Il y a de nombreuses organisations multinationales, internationales ou régionales dans la zone indopacifique, la France participe à une bonne partie d’entre elles, notamment dans l’Océan Indien, un peu moins dans l’océan Pacifique. Soit en tant qu’État membre, c’est le cas par exemple pour la commission de l’océan Indien, soit en tant que membre observateur (ne disposant pas d’une voix mais pouvant s’exprimer.) La France ne participe pas au QUAD, un quadrilatéral entre 4 puissances, même si évidemment la France a des relations avec chacun de ses 4 pays qui sont l’Inde, l’Australie, le Japon et les États-Unis.

Et ce qu’il y a des objectifs de limitation de gaz à effet de serre dans l’armée ?

Le ministère des armées est un ministère qui a une action depuis très longtemps sur ces sujets d’environnement et de biodiversité et il y a plusieurs raisons à cela :

Nous sommes les principaux propriétaires fonciers d’État. Le domaine militaire est un domaine encore très important, c’est l’héritage de l’histoire et nous devons le préserver. Dans de nombreux camps militaires, il y a des réserves Natura 2000. Le camp de Saint-Cyr en Bretagne. Est une formidable réserve de biodiversité. Les militaires, quand ils manœuvrent, veillent à préserver l’environnement, on ramasse nos munitions. Il n’y a pas plus heureux qu’un végétal ou d’un animal dans un camp militaire, où il est très peu gêné en fait.
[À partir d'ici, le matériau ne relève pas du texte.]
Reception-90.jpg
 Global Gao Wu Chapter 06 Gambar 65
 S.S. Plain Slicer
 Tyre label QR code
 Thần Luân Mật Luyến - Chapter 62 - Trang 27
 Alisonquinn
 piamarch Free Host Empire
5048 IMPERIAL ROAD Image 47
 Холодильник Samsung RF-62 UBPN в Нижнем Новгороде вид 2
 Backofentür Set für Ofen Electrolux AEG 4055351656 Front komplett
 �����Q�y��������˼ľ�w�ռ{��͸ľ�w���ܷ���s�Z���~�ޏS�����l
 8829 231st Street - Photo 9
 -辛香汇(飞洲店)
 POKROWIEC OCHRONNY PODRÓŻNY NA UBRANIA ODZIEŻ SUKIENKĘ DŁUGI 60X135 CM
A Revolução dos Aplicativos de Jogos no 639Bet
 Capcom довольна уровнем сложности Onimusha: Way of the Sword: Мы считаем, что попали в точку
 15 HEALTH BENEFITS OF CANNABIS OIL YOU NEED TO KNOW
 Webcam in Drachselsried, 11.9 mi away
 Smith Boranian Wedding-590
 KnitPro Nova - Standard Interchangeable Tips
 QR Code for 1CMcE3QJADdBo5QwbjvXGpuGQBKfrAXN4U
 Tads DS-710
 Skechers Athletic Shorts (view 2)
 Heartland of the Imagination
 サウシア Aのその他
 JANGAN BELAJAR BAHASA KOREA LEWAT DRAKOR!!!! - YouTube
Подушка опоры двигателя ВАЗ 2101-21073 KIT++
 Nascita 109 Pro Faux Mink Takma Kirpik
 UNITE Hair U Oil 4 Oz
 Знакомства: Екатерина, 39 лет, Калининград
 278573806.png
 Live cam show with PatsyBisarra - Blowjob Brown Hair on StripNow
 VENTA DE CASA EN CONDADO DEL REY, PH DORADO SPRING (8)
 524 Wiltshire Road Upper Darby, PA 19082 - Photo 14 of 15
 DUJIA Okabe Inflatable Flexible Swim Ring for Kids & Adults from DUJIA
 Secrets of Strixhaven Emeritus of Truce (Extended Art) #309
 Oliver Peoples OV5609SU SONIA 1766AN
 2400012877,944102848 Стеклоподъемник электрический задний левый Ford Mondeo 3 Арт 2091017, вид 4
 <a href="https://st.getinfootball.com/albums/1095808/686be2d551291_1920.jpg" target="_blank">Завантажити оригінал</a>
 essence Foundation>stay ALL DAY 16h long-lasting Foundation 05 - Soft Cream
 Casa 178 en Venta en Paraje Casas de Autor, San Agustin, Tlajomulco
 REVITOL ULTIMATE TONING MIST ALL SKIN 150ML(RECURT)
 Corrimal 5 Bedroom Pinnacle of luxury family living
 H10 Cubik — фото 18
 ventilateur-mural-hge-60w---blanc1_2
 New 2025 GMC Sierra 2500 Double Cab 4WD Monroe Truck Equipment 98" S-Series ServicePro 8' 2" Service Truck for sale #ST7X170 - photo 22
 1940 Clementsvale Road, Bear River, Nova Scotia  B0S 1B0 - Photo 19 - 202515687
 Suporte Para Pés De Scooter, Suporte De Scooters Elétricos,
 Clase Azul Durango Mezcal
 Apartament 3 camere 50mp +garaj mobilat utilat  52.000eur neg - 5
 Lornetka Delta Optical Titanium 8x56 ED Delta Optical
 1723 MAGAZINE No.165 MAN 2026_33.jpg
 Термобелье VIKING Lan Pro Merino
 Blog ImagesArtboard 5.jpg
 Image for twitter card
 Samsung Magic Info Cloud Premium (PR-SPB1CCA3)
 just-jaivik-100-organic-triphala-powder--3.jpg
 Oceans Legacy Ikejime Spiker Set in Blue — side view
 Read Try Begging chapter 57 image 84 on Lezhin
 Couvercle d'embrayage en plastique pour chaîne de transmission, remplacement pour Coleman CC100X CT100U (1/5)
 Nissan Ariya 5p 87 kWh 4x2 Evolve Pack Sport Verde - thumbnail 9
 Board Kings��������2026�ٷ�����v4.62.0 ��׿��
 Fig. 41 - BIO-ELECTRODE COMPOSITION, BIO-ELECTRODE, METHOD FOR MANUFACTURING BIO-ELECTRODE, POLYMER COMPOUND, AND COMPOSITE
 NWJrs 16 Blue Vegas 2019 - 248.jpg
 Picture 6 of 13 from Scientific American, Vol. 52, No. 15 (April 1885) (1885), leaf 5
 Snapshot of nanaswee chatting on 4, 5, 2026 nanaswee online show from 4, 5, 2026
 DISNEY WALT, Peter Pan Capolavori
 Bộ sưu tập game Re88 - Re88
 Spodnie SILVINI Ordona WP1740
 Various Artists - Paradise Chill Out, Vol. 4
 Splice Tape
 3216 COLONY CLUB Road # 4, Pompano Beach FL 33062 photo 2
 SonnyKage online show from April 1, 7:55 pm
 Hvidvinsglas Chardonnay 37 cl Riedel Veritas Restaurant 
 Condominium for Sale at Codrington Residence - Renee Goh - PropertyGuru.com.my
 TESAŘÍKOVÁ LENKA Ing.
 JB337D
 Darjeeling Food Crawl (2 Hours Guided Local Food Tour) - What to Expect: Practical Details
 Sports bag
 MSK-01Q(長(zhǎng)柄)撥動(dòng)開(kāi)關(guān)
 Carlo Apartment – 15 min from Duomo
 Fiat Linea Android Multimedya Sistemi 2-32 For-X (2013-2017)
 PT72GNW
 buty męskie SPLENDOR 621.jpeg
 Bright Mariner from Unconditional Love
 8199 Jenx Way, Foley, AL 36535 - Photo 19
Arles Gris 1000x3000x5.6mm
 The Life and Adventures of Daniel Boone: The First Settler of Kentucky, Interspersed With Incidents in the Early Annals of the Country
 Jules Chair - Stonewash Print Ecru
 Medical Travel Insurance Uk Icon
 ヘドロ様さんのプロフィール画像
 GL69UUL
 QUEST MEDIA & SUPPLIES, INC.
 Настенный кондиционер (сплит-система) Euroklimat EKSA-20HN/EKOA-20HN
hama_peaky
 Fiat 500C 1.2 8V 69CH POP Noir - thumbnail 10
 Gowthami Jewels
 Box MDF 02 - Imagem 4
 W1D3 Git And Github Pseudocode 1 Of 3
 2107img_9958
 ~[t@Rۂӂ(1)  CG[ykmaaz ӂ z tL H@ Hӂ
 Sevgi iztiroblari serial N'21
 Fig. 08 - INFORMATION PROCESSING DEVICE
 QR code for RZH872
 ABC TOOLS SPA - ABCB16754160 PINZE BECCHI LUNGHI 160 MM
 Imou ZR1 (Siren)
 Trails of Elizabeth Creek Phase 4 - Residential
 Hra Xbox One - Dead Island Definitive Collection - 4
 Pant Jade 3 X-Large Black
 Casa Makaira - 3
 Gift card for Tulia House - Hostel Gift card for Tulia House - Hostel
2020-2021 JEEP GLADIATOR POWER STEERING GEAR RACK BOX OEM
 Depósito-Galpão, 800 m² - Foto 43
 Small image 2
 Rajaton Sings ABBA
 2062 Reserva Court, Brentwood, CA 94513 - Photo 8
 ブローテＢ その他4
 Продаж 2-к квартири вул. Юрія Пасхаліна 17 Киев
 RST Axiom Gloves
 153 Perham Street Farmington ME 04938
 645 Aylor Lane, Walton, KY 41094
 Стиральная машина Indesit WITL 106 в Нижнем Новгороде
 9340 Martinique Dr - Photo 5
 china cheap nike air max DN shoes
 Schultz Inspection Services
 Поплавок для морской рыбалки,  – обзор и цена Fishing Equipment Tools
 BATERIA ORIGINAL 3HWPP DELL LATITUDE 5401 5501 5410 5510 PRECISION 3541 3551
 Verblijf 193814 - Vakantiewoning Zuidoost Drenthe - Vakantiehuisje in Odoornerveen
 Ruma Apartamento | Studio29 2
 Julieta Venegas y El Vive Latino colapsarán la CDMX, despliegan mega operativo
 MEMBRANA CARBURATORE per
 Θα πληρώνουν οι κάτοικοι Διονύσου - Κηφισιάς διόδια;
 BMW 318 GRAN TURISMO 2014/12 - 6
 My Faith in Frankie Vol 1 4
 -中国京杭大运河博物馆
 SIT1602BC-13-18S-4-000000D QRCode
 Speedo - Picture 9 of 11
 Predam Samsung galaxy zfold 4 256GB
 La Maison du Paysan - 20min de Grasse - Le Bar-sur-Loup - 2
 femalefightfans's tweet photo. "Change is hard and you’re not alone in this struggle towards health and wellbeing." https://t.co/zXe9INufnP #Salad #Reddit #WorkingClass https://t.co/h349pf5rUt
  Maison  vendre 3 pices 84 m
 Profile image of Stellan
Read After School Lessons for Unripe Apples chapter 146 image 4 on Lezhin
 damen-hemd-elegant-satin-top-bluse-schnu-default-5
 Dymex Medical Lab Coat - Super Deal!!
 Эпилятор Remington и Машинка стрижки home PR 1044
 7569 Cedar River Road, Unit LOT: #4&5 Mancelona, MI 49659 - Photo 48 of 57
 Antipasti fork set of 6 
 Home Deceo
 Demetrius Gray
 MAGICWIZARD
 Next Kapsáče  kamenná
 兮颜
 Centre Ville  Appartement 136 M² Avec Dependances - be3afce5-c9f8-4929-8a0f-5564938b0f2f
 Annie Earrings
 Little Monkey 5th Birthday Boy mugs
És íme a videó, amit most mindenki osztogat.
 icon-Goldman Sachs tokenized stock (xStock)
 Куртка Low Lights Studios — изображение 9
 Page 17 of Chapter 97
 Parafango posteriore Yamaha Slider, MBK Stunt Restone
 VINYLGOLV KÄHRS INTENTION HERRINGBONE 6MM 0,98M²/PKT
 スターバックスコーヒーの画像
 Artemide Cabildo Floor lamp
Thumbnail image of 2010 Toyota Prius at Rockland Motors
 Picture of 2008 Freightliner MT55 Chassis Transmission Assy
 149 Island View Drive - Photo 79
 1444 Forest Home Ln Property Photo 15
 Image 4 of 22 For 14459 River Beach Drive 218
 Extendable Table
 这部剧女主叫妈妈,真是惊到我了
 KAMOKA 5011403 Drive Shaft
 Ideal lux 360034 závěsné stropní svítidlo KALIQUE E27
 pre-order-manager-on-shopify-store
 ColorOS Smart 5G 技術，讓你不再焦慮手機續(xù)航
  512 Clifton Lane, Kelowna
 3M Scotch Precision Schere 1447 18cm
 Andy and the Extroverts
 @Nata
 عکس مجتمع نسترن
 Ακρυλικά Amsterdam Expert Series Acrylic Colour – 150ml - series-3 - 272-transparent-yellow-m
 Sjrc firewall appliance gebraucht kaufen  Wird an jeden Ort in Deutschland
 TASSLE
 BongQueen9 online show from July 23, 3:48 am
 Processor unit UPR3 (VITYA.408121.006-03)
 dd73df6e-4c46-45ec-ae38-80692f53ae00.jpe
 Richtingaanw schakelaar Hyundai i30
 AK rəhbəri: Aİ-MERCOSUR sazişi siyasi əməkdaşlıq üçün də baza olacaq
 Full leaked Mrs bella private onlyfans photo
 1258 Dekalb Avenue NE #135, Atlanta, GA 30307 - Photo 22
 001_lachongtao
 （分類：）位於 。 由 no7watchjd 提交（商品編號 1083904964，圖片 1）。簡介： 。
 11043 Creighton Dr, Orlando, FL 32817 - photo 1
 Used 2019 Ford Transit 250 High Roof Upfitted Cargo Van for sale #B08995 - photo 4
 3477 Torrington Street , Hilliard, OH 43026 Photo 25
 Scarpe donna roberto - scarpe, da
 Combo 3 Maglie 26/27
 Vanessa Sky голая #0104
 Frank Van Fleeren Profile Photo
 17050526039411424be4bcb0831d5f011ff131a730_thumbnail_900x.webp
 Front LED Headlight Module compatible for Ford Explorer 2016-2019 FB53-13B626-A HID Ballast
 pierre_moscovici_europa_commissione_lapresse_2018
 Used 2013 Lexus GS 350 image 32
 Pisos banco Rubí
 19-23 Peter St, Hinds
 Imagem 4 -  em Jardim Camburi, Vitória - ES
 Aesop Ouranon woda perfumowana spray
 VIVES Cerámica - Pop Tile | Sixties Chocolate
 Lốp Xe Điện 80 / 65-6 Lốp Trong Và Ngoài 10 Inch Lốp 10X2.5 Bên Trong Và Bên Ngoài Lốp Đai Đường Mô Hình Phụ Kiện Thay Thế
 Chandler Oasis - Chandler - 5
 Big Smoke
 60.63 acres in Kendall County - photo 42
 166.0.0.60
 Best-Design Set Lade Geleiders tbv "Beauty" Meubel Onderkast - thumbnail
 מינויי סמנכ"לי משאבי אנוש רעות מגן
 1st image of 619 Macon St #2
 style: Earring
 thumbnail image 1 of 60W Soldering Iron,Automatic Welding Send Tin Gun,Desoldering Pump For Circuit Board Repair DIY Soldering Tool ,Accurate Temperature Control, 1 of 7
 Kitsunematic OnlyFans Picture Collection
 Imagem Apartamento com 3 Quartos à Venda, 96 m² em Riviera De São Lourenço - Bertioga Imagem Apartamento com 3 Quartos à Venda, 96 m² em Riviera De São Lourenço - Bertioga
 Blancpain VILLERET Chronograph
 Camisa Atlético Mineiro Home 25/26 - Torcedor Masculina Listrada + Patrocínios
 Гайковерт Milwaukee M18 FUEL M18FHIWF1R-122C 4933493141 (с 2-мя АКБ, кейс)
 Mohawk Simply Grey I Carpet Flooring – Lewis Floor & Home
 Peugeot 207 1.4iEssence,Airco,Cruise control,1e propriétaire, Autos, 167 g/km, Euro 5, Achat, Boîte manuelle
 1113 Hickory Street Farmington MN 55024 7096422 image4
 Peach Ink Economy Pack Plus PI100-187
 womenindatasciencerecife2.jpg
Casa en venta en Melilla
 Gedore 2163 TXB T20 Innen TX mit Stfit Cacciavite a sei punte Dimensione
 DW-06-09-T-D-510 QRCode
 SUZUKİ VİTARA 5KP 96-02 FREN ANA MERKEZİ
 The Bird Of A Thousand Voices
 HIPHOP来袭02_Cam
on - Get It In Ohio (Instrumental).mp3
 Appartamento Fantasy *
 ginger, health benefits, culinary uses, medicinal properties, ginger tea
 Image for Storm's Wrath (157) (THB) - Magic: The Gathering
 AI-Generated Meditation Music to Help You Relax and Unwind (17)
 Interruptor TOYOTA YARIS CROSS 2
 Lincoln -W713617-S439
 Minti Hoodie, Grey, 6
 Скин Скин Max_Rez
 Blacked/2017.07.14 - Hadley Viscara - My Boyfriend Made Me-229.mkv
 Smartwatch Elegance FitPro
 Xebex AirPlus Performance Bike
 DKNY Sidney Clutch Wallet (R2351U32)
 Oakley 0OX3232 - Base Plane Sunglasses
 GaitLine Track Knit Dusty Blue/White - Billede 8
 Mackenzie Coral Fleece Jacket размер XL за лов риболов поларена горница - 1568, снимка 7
L’armée est donc plutôt pionnière et exemplaire en matière d’environnement.

Nous participons à ces politiques de limitation des gaz à effet de serre. Il y a 2 parcs de véhicules dans les armées : le « parc vert », qui sont les véhicules de combat, ne sont pas concernés parce que vous imaginez bien que la priorité pour les véhicules de combat, c’est leur caractère opérationnel, il en va de l’efficacité de nos armées et de la survie de nos personnels. En revanche, pour ce qu’on appelle le « parc blanc » des véhicules de gamme commerciale, il y a toute une politique d’électrification des véhicules.